Core infrastructure is a service-oriented architecture that implements services to satisfy all requirements. Communication between services could be either synchronous or asynchronous.

Core services are separated to three main service groups:

  • Mediation services. These services support user interaction with the system, including authentication and communication with other parts of the system.

  • Deployment Services. These services support experiment preparation and deployment process, such as pipeline preparation, environment compilation, environment distribution and start.

  • Runtime Services. These services support running Experiments, such as providing event processing, results collection, and Experiment status monitoring.
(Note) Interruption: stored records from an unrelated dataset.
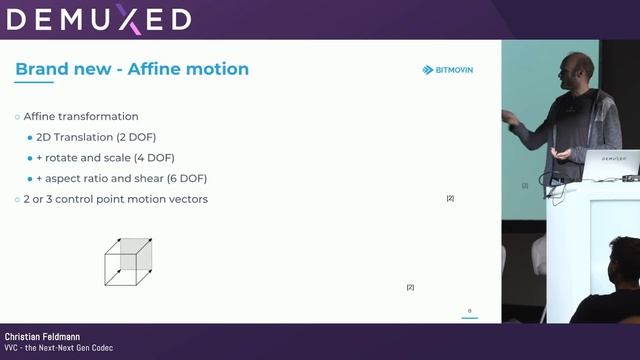 Christian Feldmann - VVC - the Next-Next Gen Codec смотреть онлайн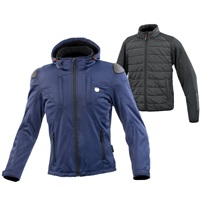 JK-6235 ハイプロテクトソフトシェルシステムパーカ セット 【Navy】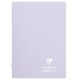 Füzet Clairefontaine Koverbook Blush A/5 48 lapos PP borítású vonalas lila
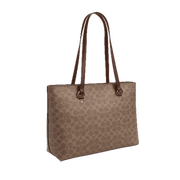 Coach Station Tote Bag In Signature Canvas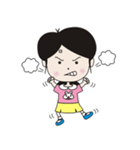 annieprimdolls - Sassy Girl（個別スタンプ：18）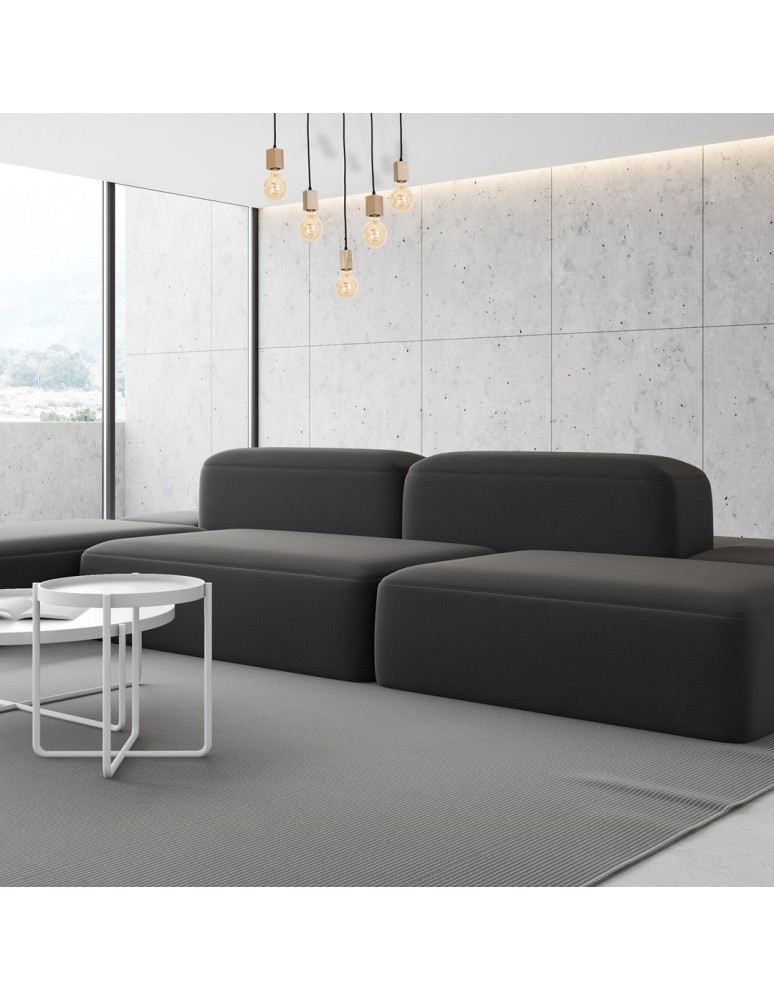 Boho pendant lamps - Milagro JACK Pendant Lamp 5xE27 MLP583 - product kolory-swiatla.pl 6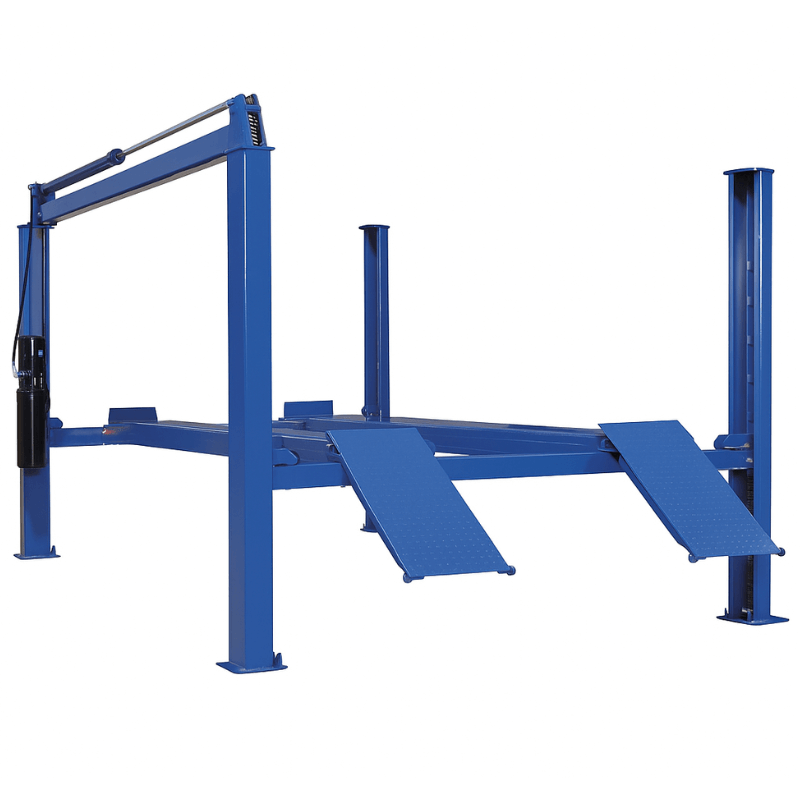 Tuxedo FP14K 14,000 lb 4-Post Car Lift – Chain Driven – Storage & Service Hoist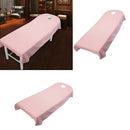 2x Extra Soft Solid Color Massage SPA Bed Table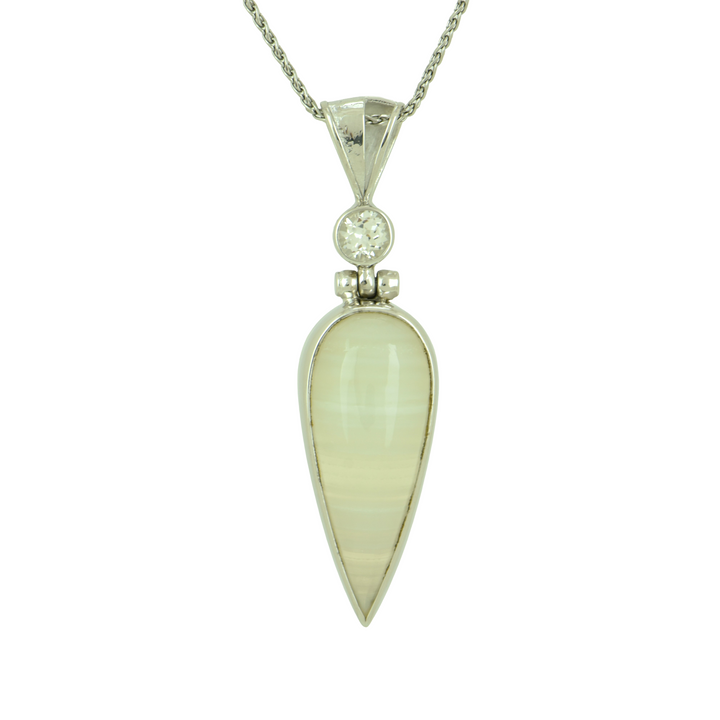 Banded Agate Pendant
flowchart LR user((User)) subgraph "Director Infrastructure" subgraph Mediation Services api[Mediation layer] auth[Authentication Service] end subgraph "Deployment Services" infra[Infrastructure Service] compiler[Compilation Service] end db[(Database)] subgraph "Runtime Services" gateway[Target Gateway Service] processor[Experiment Processor] end end ds[Deployment System] target([Nodes]) user --> api api --> auth api --> db api --> infra compiler --> db processor --> db infra --> ds ds <--> target gateway --> db target --> gateway

Database

This service represents RDBMS available to other core services as a persistent data storage. This service is not part of the system and currently implemented using PostgreSQL RDBMS.

Deployment System

Many physical infrastructure deployments (especially with big amount of devices) are controlled by specialized IT automation software that provides connectivity to these nodes and basic command execution capabilities. Examples of such software are Ansible, Chef, SaltStack for physical deployments, and cloud-control APIs such as AWS or Azure.

In order to remove capabilities duplication, decrease development cost, avoid unneeded security consequences (such as privileged access to target nodes), and support different infrastructures, netunicorn assumes that one of these systems already installed and deployed on target infrastructure.

Core services would interact with this system via a system-specific connector. These interactions include Environment distribution and startup, cleanup after execution, and other related tasks.

Mediation Services

These services are responsible for interaction with users and processing their direct requests, and mediation of communication with other services. Specifically, mediation layer orchestrates experiment preparation and execution start using Deployment Services and provides information about infrastructure and experiments to a user.

Mediation layer

This service represents a layer that directly interacts with user’s requests (from Frontend) and coordinate request processing. See service_mediation for additional information.

Authentication Service

This service handles authorization and authentication of users. See service_authentication for additional information.

Deployment Services

These services fully cover all Experiment preparation, including infrastructure presentation to the user, Environments preparation, Experiment preprocessing, deployment, start, etc.

Infrastructure Service

This service works with the Deployment System to present target infrastructures to the user for nodes enumeration, experiment deployment and execution start. See service_infrastructure for additional information.

Compilation Service

This service receives an Experiment object and corresponding infrastructure information, and then creates Environments for the distribution and upload the to corresponding data storage. See service_compilation for additional information.

Runtime Services

These services are responsible for supporting running experiments.

Gateway Service

This service provides interface to Executors for interaction with director services, including pipeline receiving, results report, events, etc. See service_gateway for additional information.

Experiment Processor

This service monitors the status of each executor (reported via the Gatewa Service) and update the corresponding Experiment status and results. See service_processor for additional information.